Increased performance of circuit devices on a substrate (e.g., integrated circuit (IC) transistors, resistors, capacitors, etc. on a semiconductor (e.g., silicon) substrate) is usually a major factor considered during design, manufacture, and operation of those devices. For example, during design and manufacture or forming of, metal oxide semiconductor (MOS) transistor semiconductor devices, such as those used in a complementary metal oxide semiconductor (CMOS), it is often desired to increase movement of electrons in N-type MOS device (NMOS) channels and to increase movement of positive charged holes in P-type MOS device (PMOS) channels.
U.S. Pat. No. 6,335,233 discloses a first conductive impurity ion that is implanted into a semiconductor substrate to form a well area on which a gate electrode is formed. A first non-conductive impurity is implanted into the well area on both sides of the gate electrode to control a substrate defect therein and to form a first precipitate area to a first depth. A second conductive impurity ion is implanted into the well area on both sides of the gate electrode, so that a source/drain area is formed to a second depth being relatively shallower than the first depth. A second non-conductive impurity is implanted into the source/drain area so as to control a substrate defect therein and to form a second precipitate area.
U.S. Pat. No. 6,365,472 discloses a semiconductor device that includes a lightly doped drain (LDD) structure MOS transistor wherein the formation of defects due to ion implantation at the edge of the side wall of the gate electrode is suppressed. In order to perform the ion implantation for forming the source and drain regions of the MOS transistor, impurity ions are implanted using the first and second side walls provided to the gate electrode as a mask, and then the heat treatment for impurity activation is performed after removing the second side wall near the source and drain regions doped with high-concentration impurity ions. By removing the second side wall prior to the heat treatment, the stress applied to the edges of the high-concentration impurity doped regions in an amorphous state is decreased.

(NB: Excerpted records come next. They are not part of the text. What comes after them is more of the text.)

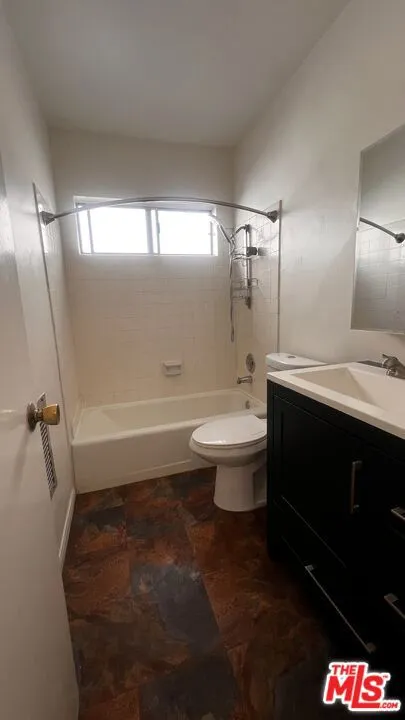 3562 Mentone Los Angeles, CA 90034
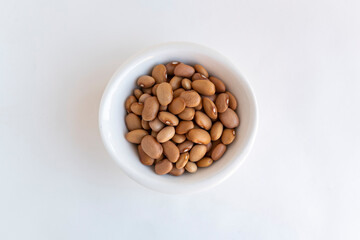 granos de frijoles bayos y fondo blanco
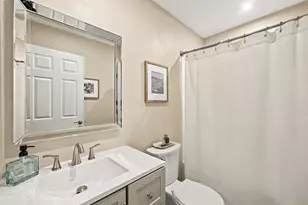 1029 S Mammoth Rd, Manchester, NH 03109 - Photo 46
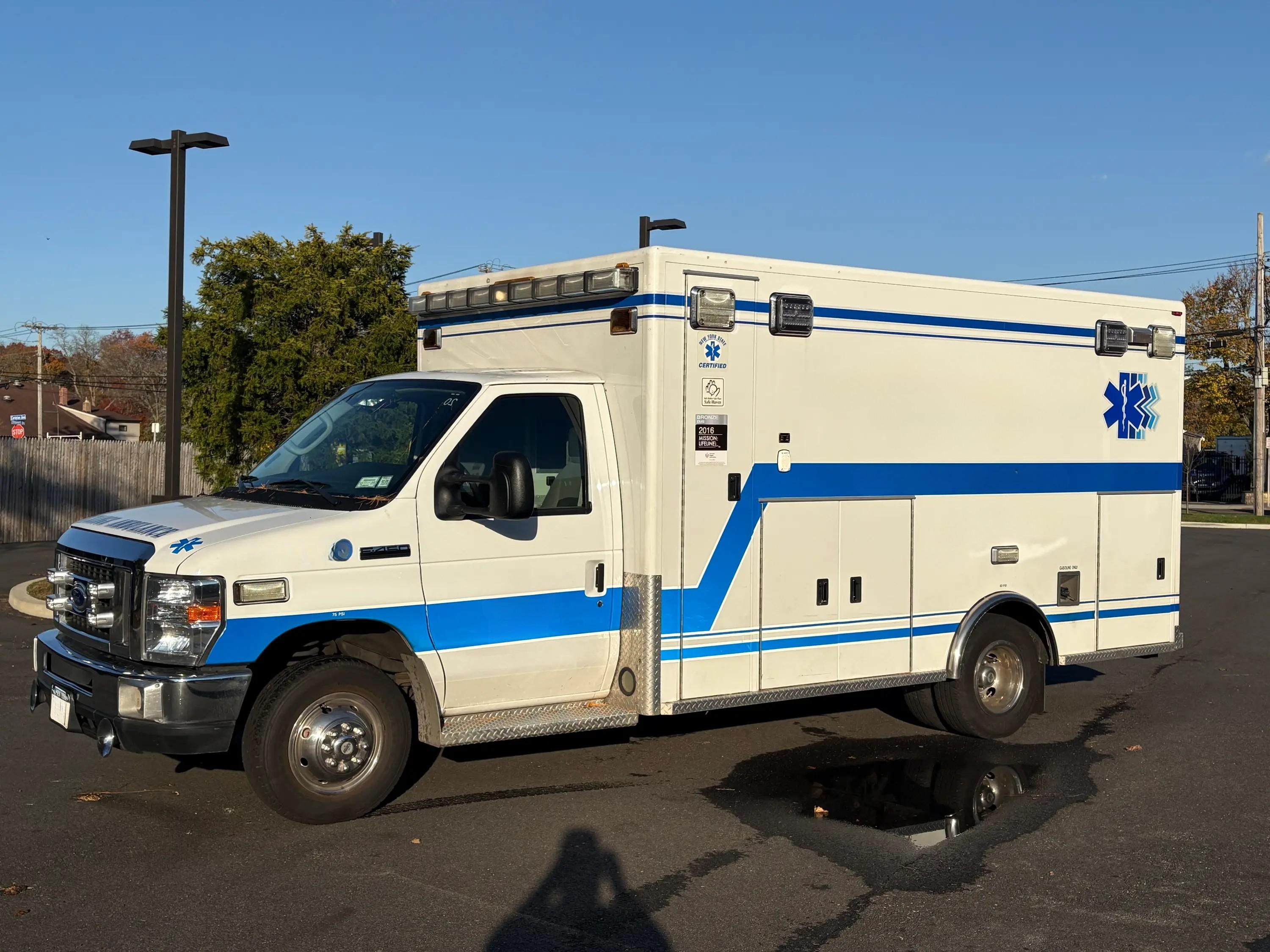 2016 PL-Custom Ford Type III Ambulance - image 1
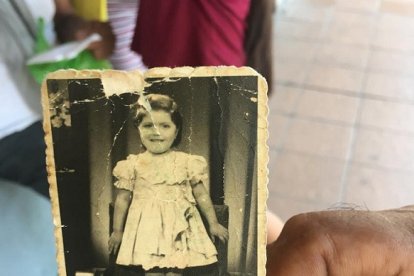 Esta es la única foto en que se ve completamente a Dora Martínez. Habría tenido para entonces unos 2 años; han pasado como 63 años ya.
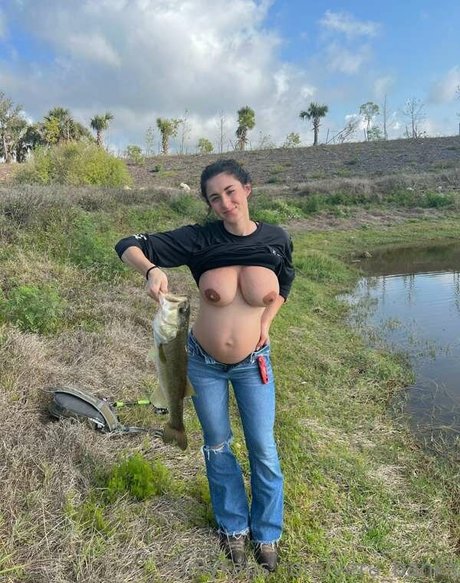 Hottest Fishing star erotic picture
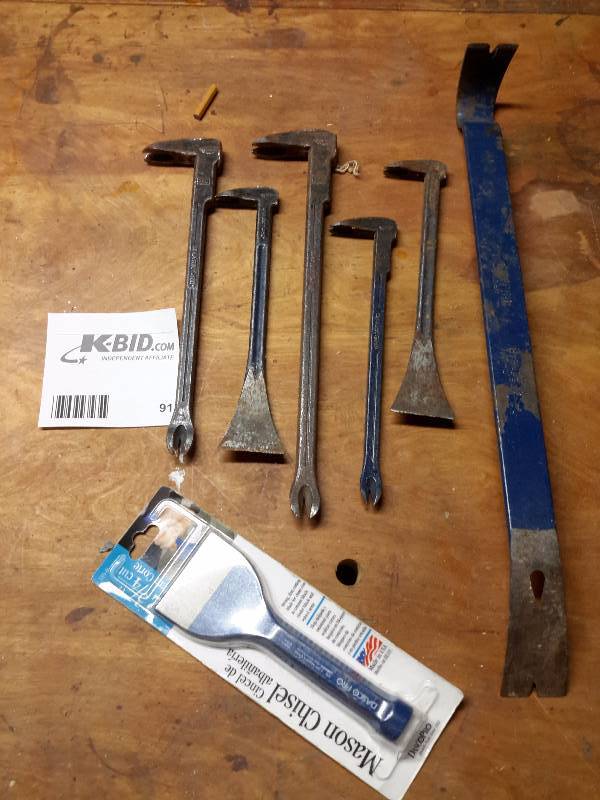lot 91 image: set of small pry bars and chisel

U.S. Pat. No. 6,395,621 discloses a process with which amorphous silicon or polysilicon is deposited on a semiconductor substrate. Then, a low-temperature solid phase growth method is employed to selectively form amorphous silicon or polysilicon into single crystal silicon on only an exposed portion of the semiconductor substrate.

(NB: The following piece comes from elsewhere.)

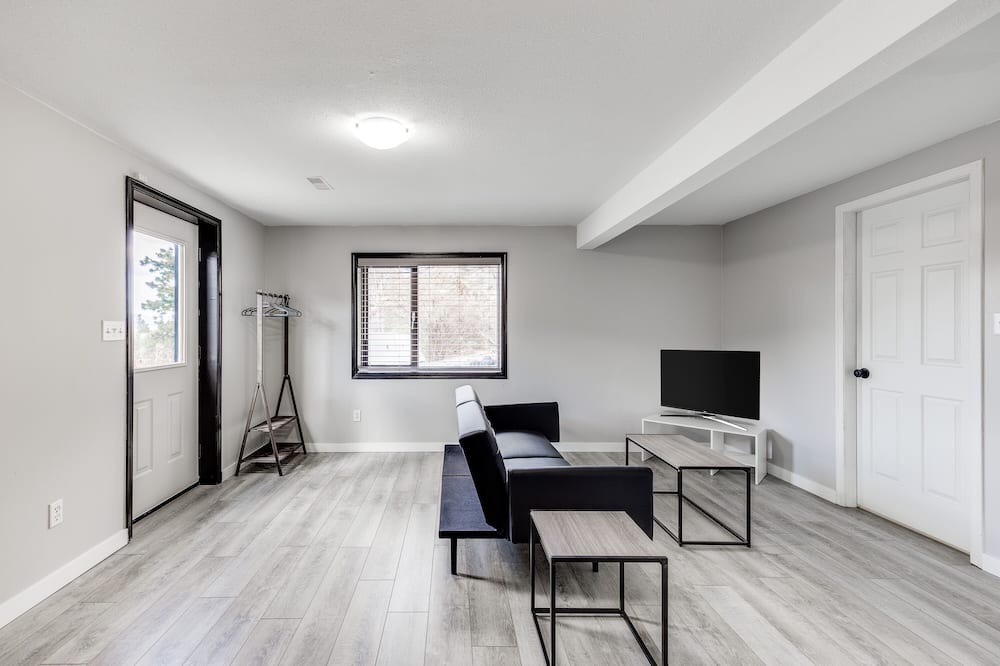 Photo of Livingroom in Okanagan-Similkameen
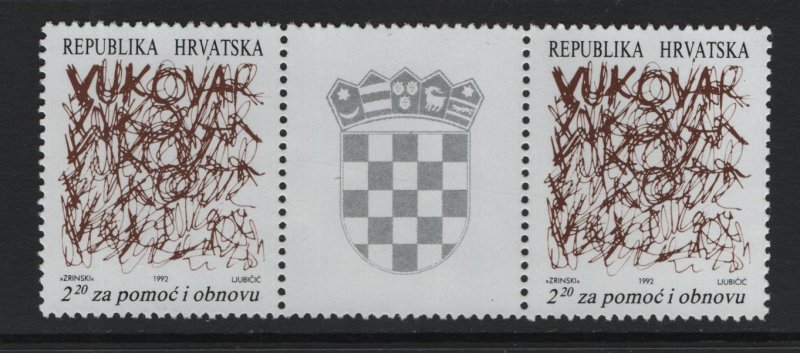 Croatia   #RA32  MNH  1992  postal tax barbed wire pair with label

U.S. Pat. No. 6,455,364 discloses a method for fabricating a semiconductor device in which, a collector layer of a first conductivity type is formed in a region of a semiconductor substrate sandwiched by device isolation. A collector opening is formed through a first insulating layer deposited on the semiconductor substrate so that the range of the collector opening covers the collector layer and part of the device isolation. A semiconductor layer of a second conductivity type as an external base is formed on a portion of the semiconductor substrate located inside the collector opening, while junction leak prevention layers of the same conductivity type as the external base are formed in the semiconductor substrate.
U.S. Pat. No. 6,455,871 discloses a method for fabricating a SiGe device using a metal oxide film. There is disclosed growing a silicon buffer layer and a SiGe buffer layer on a silicon substrate by low-temperature process, so that defects caused by the mismatch of the lattice constants being applied to the epitaxial layer from the silicon substrate are constrained in the buffer layered formed by the low-temperature process.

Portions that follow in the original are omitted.